De este modo, la construcción de la paz pasa también por el compromiso de las universidades a brindar escenarios de formación idóneos para preparar profesionales capacitados en hacerle frente a realidades complejas, donde si bien se cuenta con las cátedras de paz, tal parece que en el caso de la formación hacia interventores sociales no es suficiente. Siendo necesario evaluar los efectos e impactos reales que están teniendo este tipo de medidas en los estudiantes, al constatar el grado de afección por la guerra de parte de los mismos, y por ende, su necesidad sentida de tramitación del trauma evidenciado como modo de procesamiento del dolor. Un dolor que no se sana con un llamado a mirar hacia el futuro, sino que siendo negado continuamente, sigue presentándose muchas veces como cruel y angustioso en el presente.
Finalmente, hay que tener en cuenta las limitaciones del estudio, habiéndose realizado este con estudiantes de psicología, principalmente mujeres de la Universidad de Manizales (Institución privada).

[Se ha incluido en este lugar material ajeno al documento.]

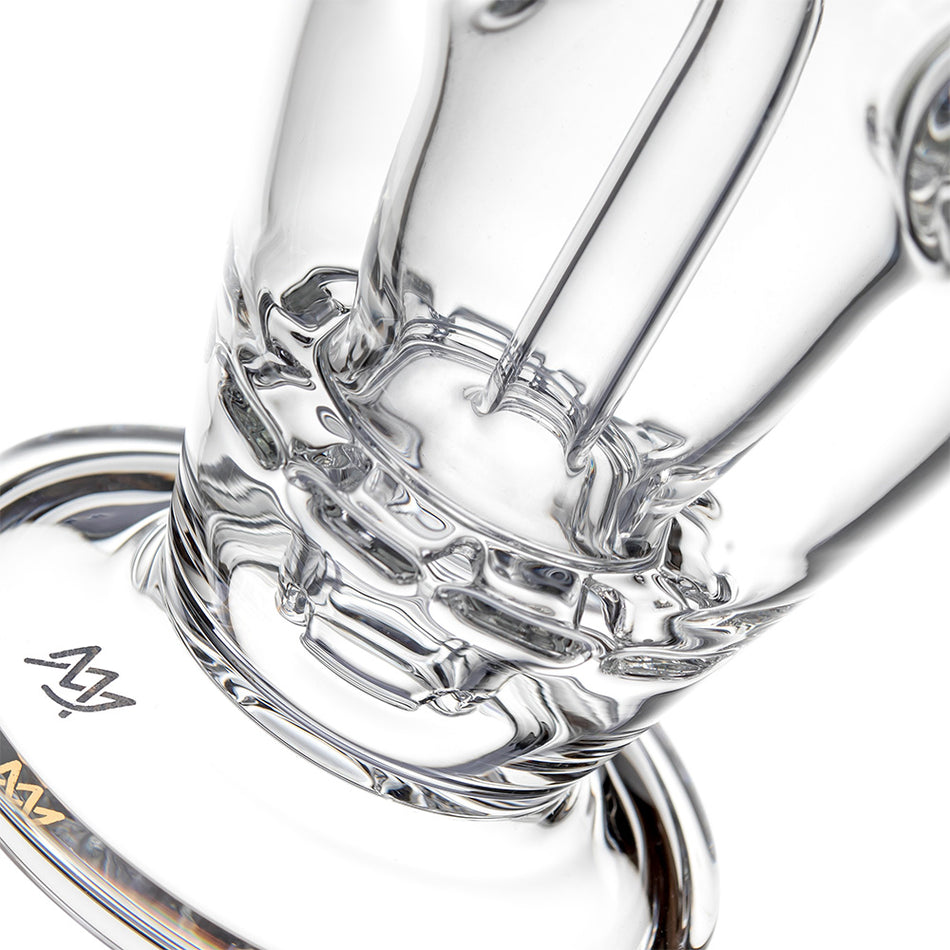(RIG) 7" MJ ARSENAL "VOYAGER" - CLEAR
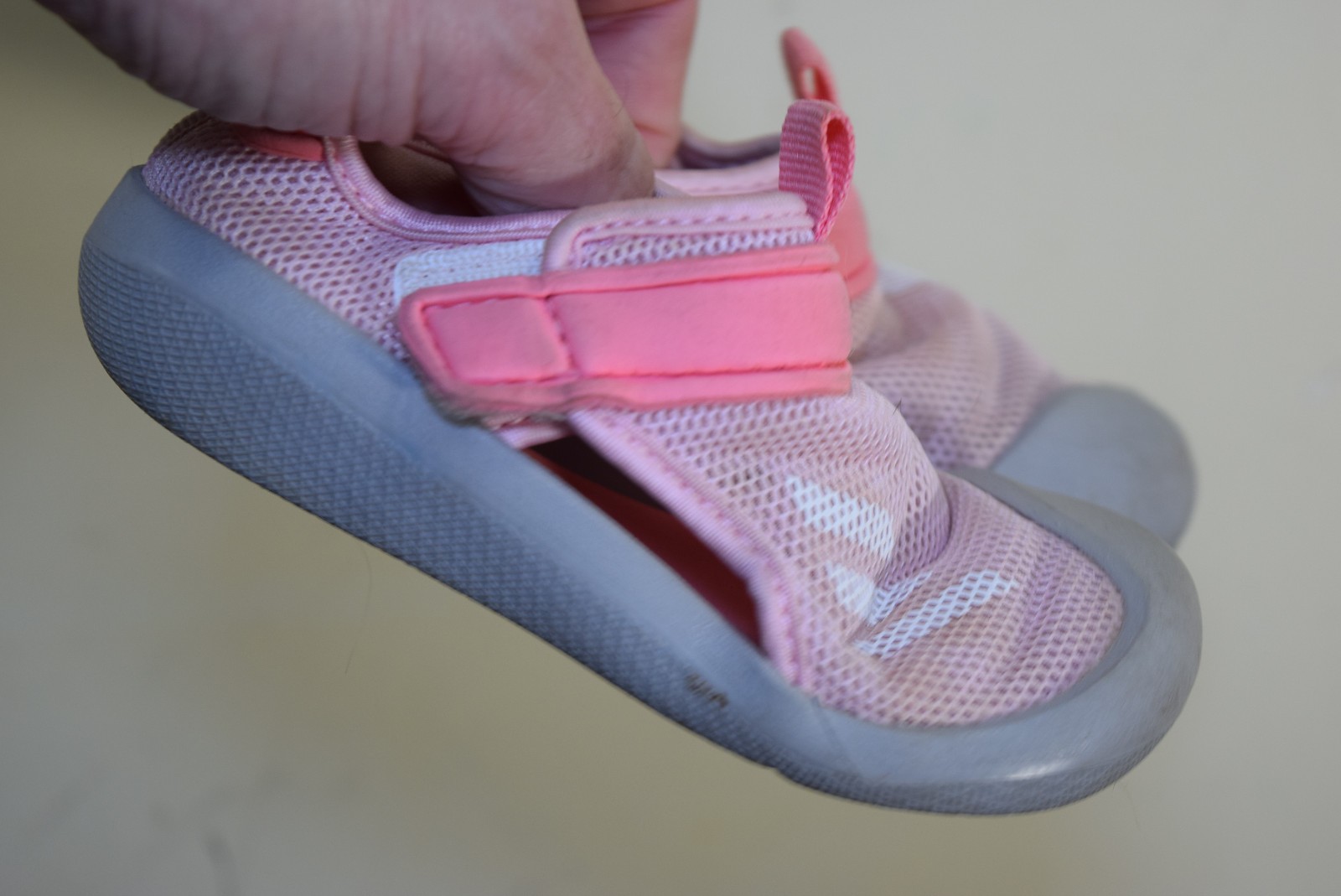 Baby Toddler Girls 7 Pink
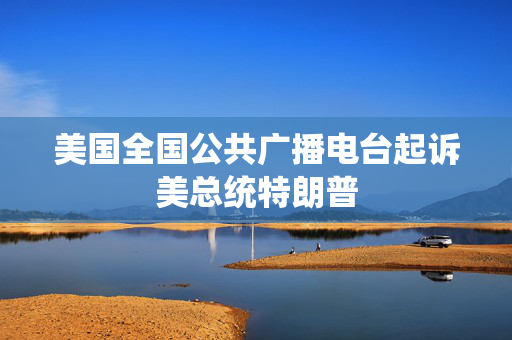 美国全国公共广播电台起诉美总统特朗普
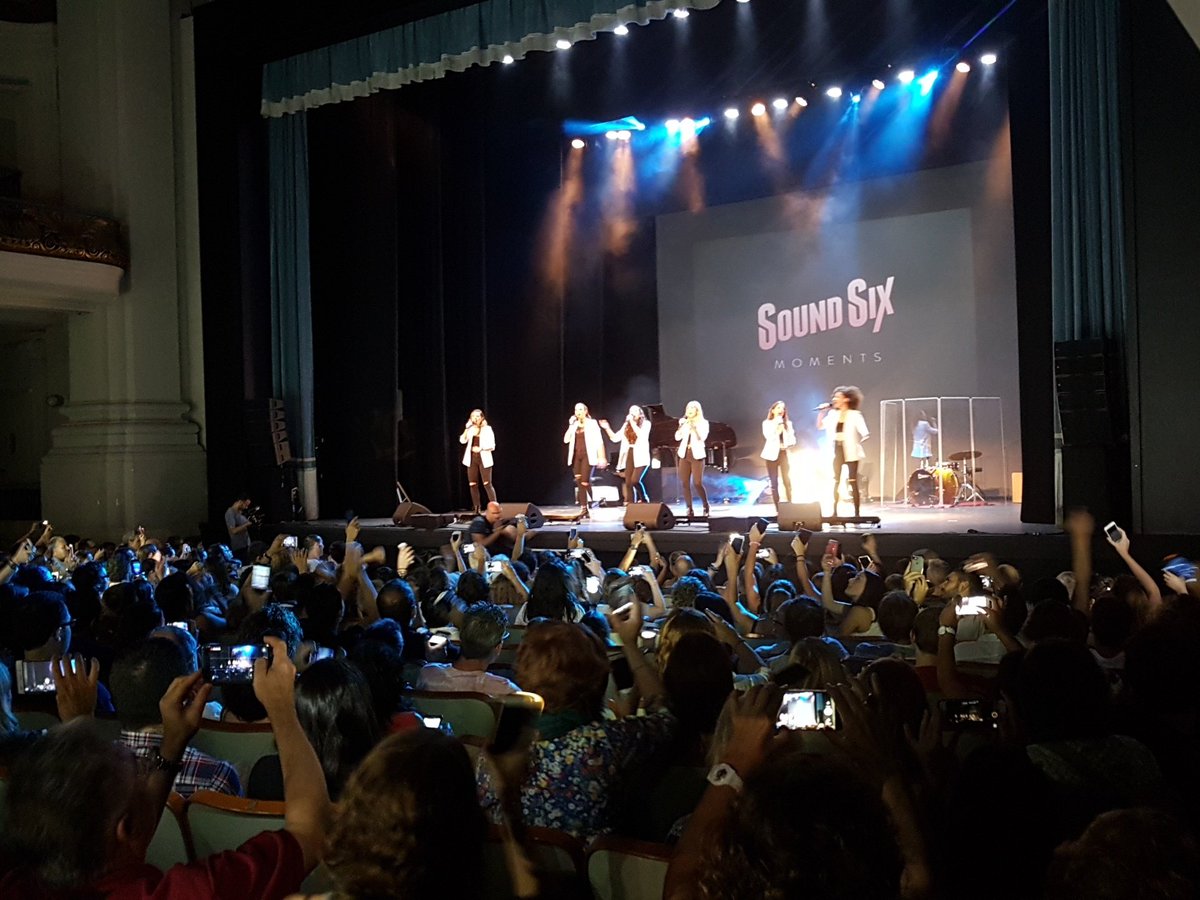 Dario_BCN's tweet photo. #soundsix https://t.co/FtQryW1qTN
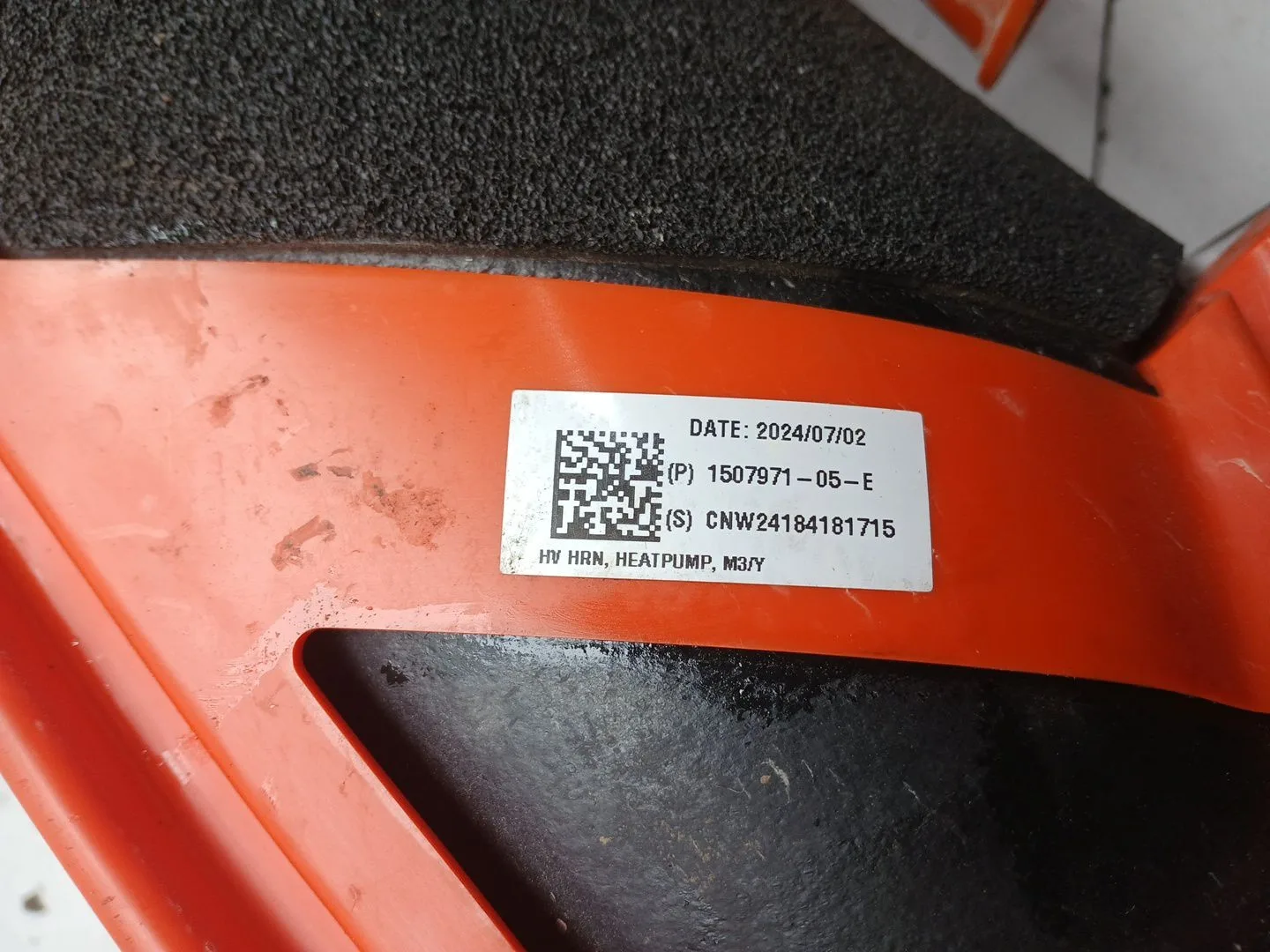 Compresor Aire Acondicionado para Tesla Model 3 (5Yj3)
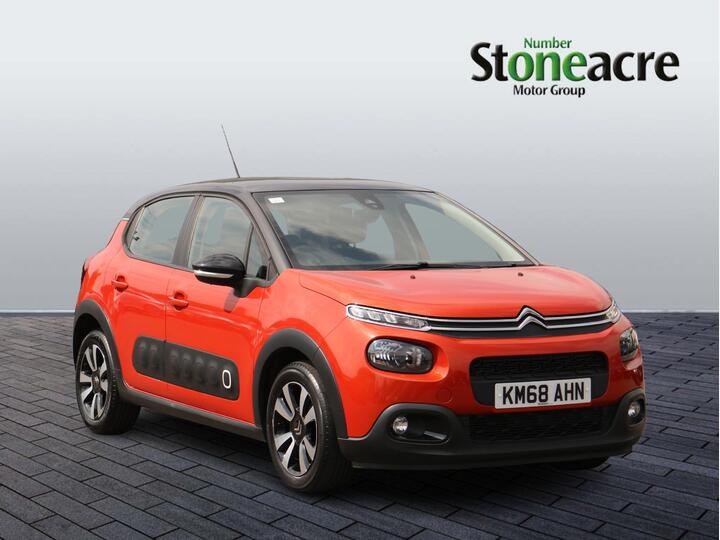 Citroen C3 1.6 BlueHDi Feel Euro 6 (s/s) 5dr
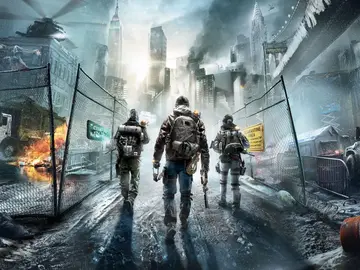 Tom Clancy's: The Division Tom Clancy's: The Division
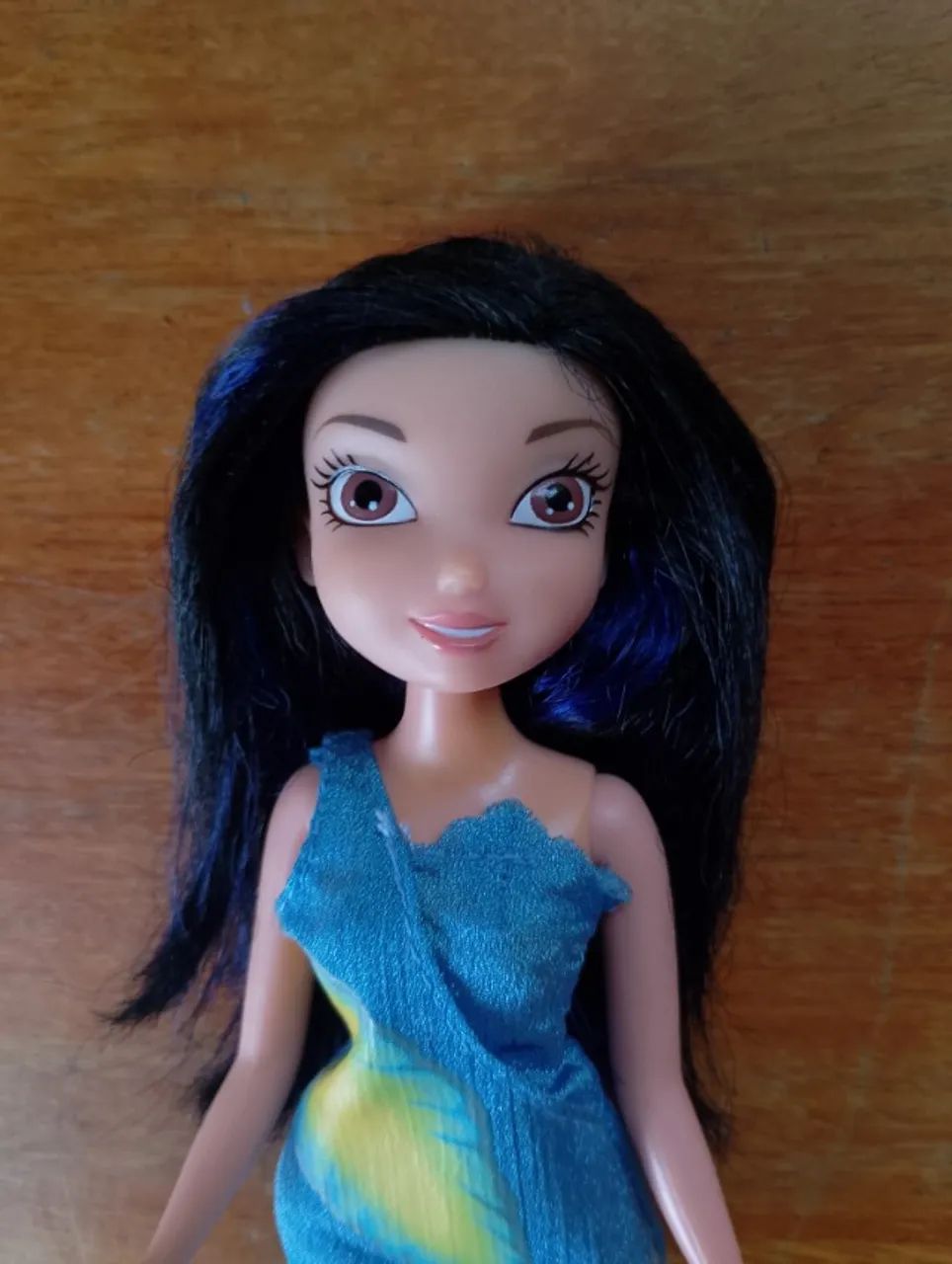 Boneca Disney Tinker Bell - Fada Silvermist 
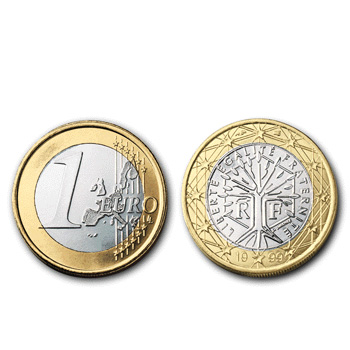 1 Euro - França 2000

Por lo que los resultados emergentes son reflejo de una particularidad socio-contextual, que sería interesante contrastar con otras universidades y disciplinas, documentando en el proceso el nivel socioeconómico de los colaboradores—situación que una vez desarrollado este estudio no fue posible de definir—. Así que se le invita al lector interesado a realizarla en otros contextos y con otra(s) población(es), accediendo a esta información directamente en el marco del ejercicio a desarrollar con los jóvenes.
Agradecimientos
Esta investigación que formó parte del proyecto «Cartografías de la re-existencia juvenil en el presente colombiano: una indagación para la territorialización de la paz» de la Universidad de Manizales. Esta investigación no presenta conflicto de intereses ni fue financiada. Es una investigación finalizada en 2019, en la que colaboraron 180 estudiantes de tercer semestre de Psicología de la Universidad de Manizales entre 2016 y 2018.